# EXERCISE AIM:
Which lines run from the one containing "Fixinus 6 Pieces" through the last line of the records? Copy them exactly, leaving pictures out.

# EXTRACTED MATERIAL:

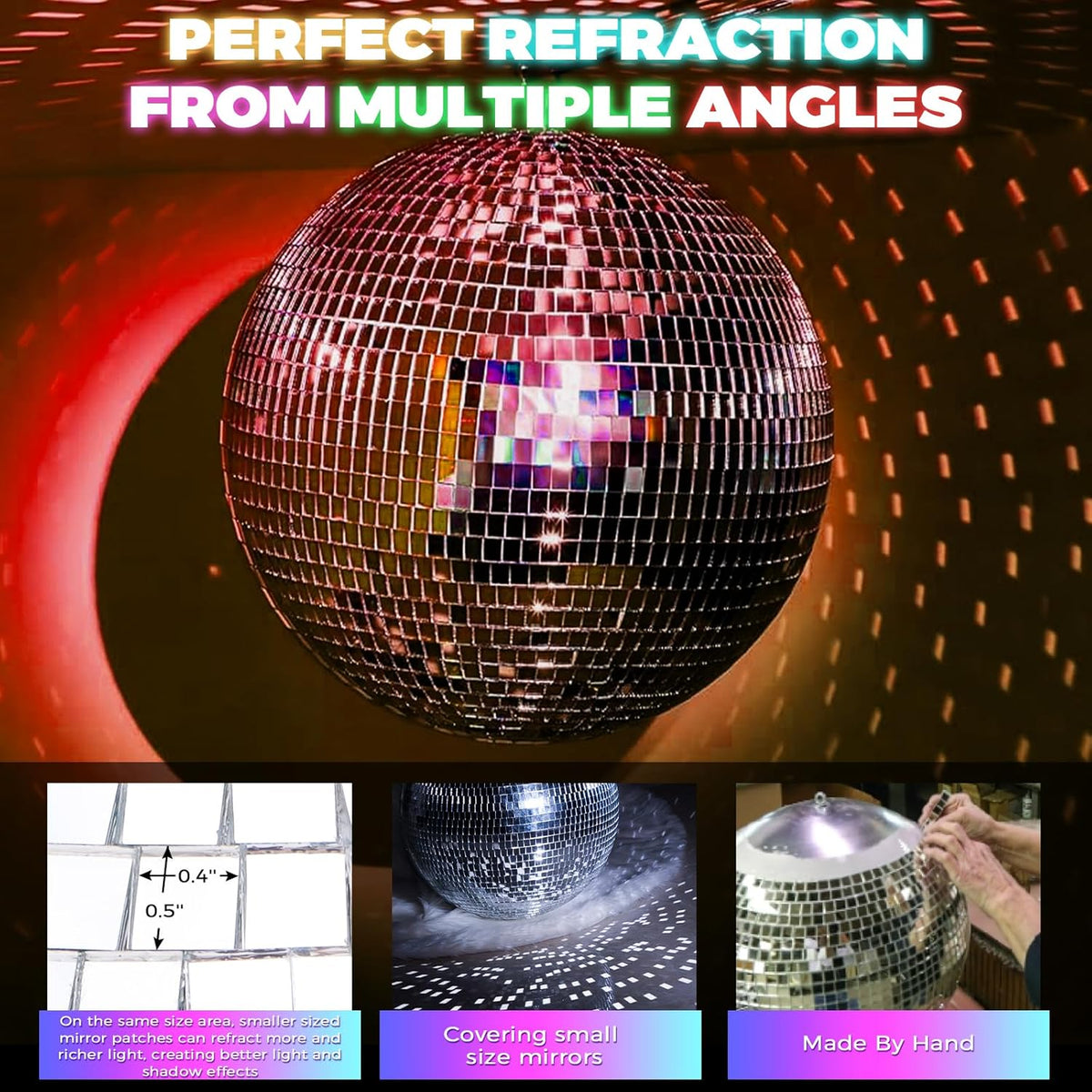 16inch Large Mirror Disco Ball - Hanging Big Disco Ball for Party Decorations, DJ Clubs, Weddings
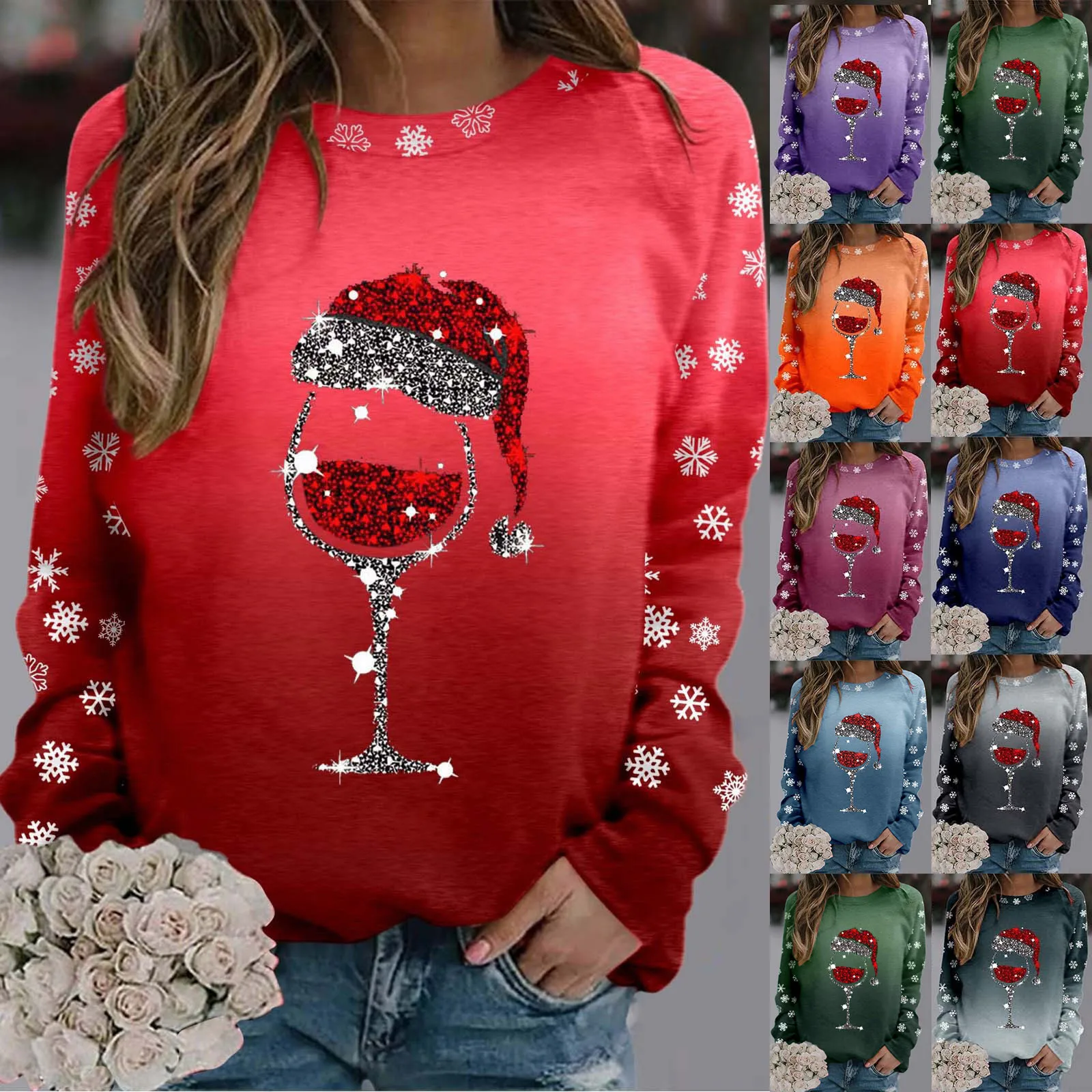 

Women Pullover Christmas Sweaters For Ladies Teen Girls Long Sleeve Crewneck Sweatshirt Cute Reindeer Graphic Xmas Fleece Hoodie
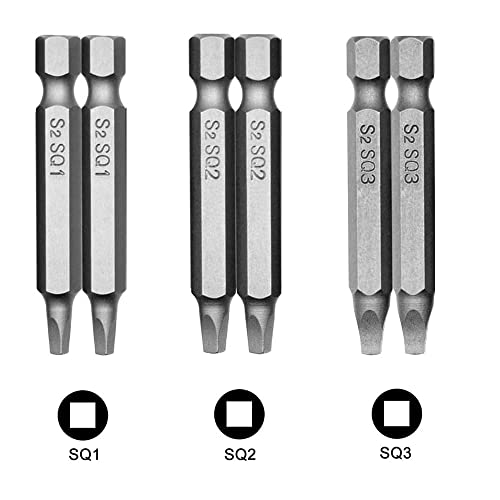 Fixinus 6 Pieces Square Screwdriver Bits, 1/4 inch Hex Shank S2 Steel Square SQ1 SQ2 SQ3 Drill Bits Magnetic Screwdriver Bit Set, 50mm Length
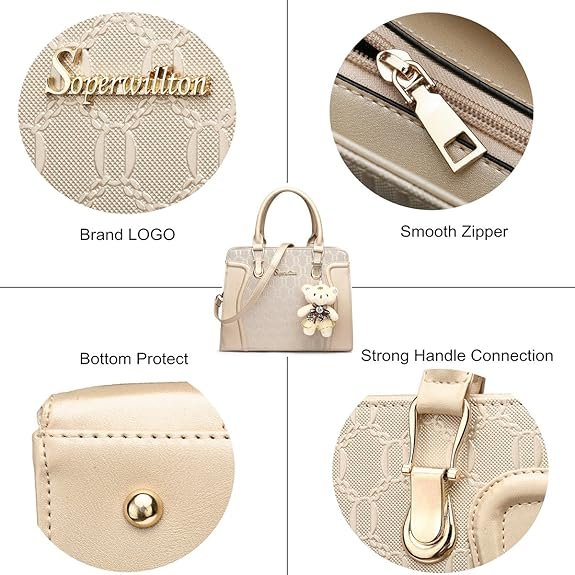 Women's Fashion Handbags Tote Bags Shoulder Bag Top Handle Satchel Purse Set 4pcs(B-gold) - Image 4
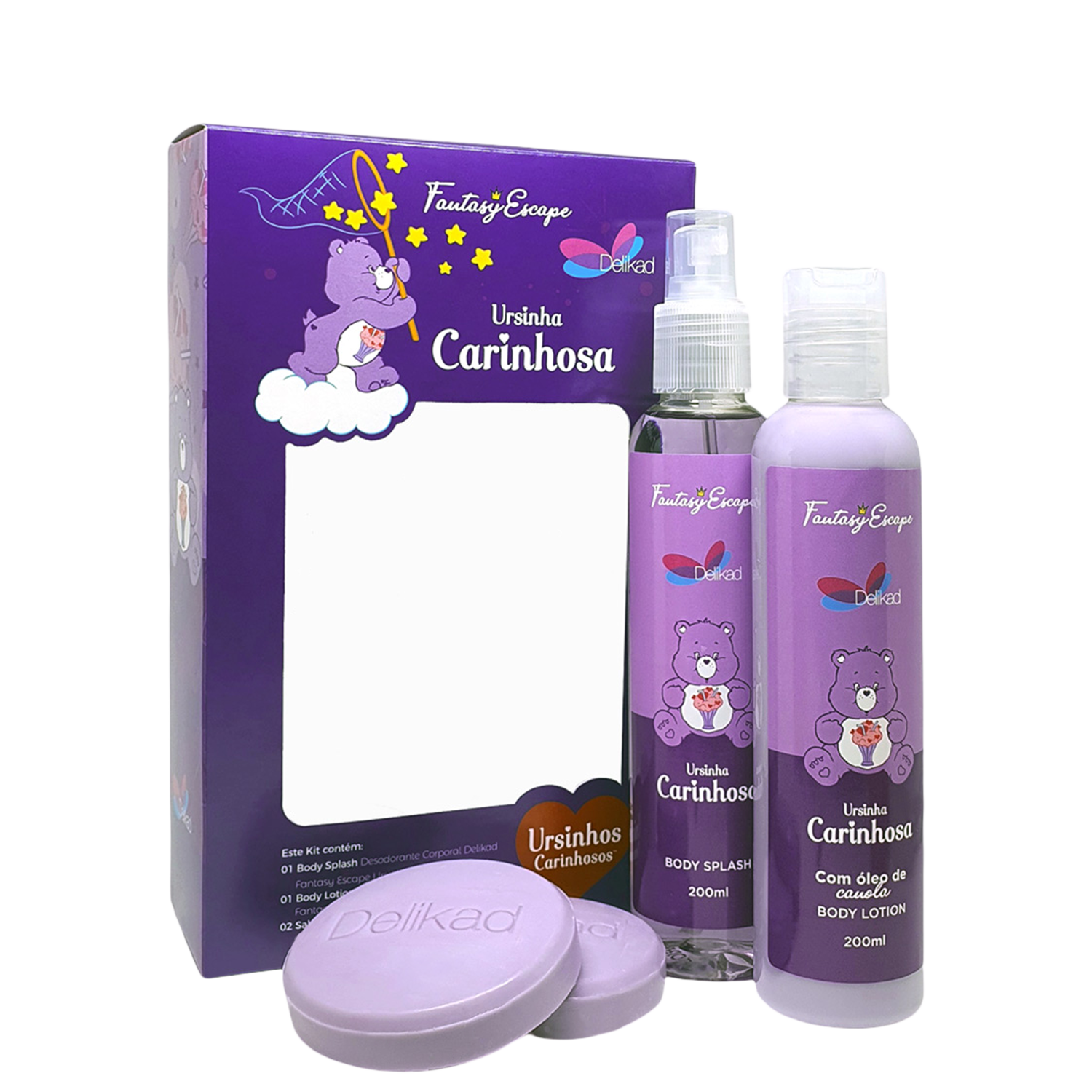 Conjunto Fantasy Escape Ursinha Carinhosa Delikad Infantil - Body Spray 200ml + Loção Corporal 200ml + 2 Sabonetes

# REPLY:
 Fixinus 6 Pieces Square Screwdriver Bits, 1/4 inch Hex Shank S2 Steel Square SQ1 SQ2 SQ3 Drill Bits Magnetic Screwdriver Bit Set, 50mm Length
 Women's Fashion Handbags Tote Bags Shoulder Bag Top Handle Satchel Purse Set 4pcs(B-gold) - Image 4
 Conjunto Fantasy Escape Ursinha Carinhosa Delikad Infantil - Body Spray 200ml + Loção Corporal 200ml + 2 Sabonetes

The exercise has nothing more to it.